Bunny is the band’s make it or break it, nothing yet everything to lose, Appetite for Destruction; you feel the urgency and ambition within every track. Beyond the Joan Jett fronts GnR and/or No Doubt or Paramore awesomeness, there’s a dash of Selena (the transcendent Tejano star, not Ms. Gomez). English and Spanish vocals tango effortlessly throughout the album, honoring Iraheta’s Salvadorian heritage and California upbringing.
Bunny isn’t meant to be a collection of singles, or a mixed bag of killer and filler; it’s a true rock opus, an album mean’t to be heard as a whole, a journey on par with cohesive and ambitious albums by Bowie, Pink Floyd, Fleetwood Mac and the aforementioned GnR. ‘Verdad’ (“true”), ‘Guns in our Hands’ and ‘Band Aid’ are the majestic heart and center of the album, but there’s really not a dud in the bunch. Bunny reveals and rewards with subsequent, louder and louder listens.
While she’s backed by a solid line up of world class musicians, including her husband, bassist and producer Matthew Hager (Duran Duran, Mandy Moore), Iraheta is still the star of the show much like Hayley Williams of Paramore and Gwen when she’s fronting No Doubt. Iraheta is a born lead singer, band leader, front woman and spokesperson.
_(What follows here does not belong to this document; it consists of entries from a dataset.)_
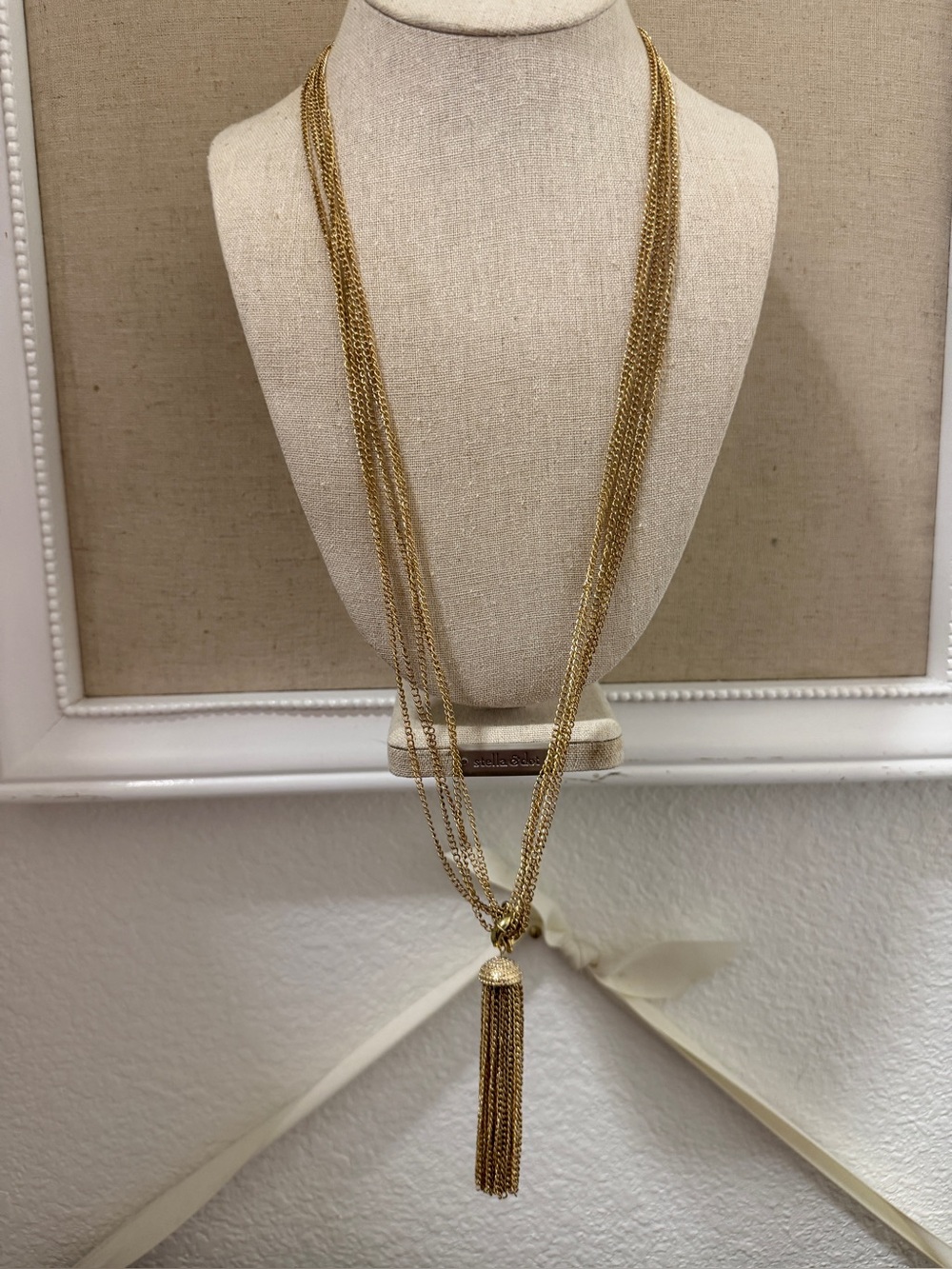 Gold Multi-Strand Tassel Pendant Necklace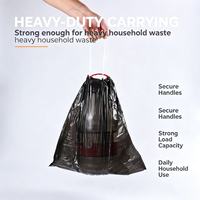 Sacs poubelles noirs personnalisés avec cordon de serrage, 4 rouleaux par paquet, sacs poubelles épais en PE résistants, écologiques, imprimés en gravure PLA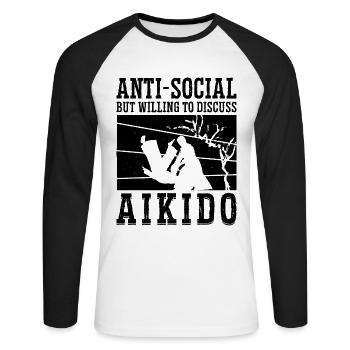 Anti-Social But Willing Aikido Fighter Samurai - Unisex Baseballshirt langarm - Weiß/Schwarz - Vorne - Nik (191cm)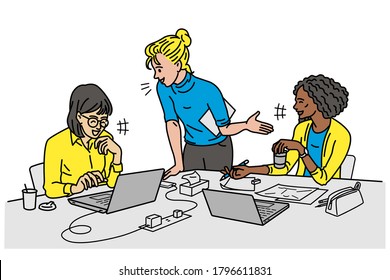 Vector illustration character of female office workers, working together with cheerful and happy expression. Diversity, multi-ethnic, asian, caucasian, african american. Outline, thin line art design.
Despite all the rockers, Bunny closes, oddly enough on a pop note — and two great ones at that. ‘You Can’t Take You Away From Me’ is one of those epic pop masterpieces that woulda filled a stadium with flickering lighters before cell phones came along and ruined all the fun. The last track, ‘Something Special’, was co-written by John Taylor of Duran Duran, a handsome lad who knows his way around a big pop song. Special would actually make a good “buh bye” song for eliminated singers during their farewell montage on American Idol, you know, back when there was such a thing. Idol may be dormant (for now), but with Halo Circus, Iraheta’s career burns as brightly as her signature, flaming red mane.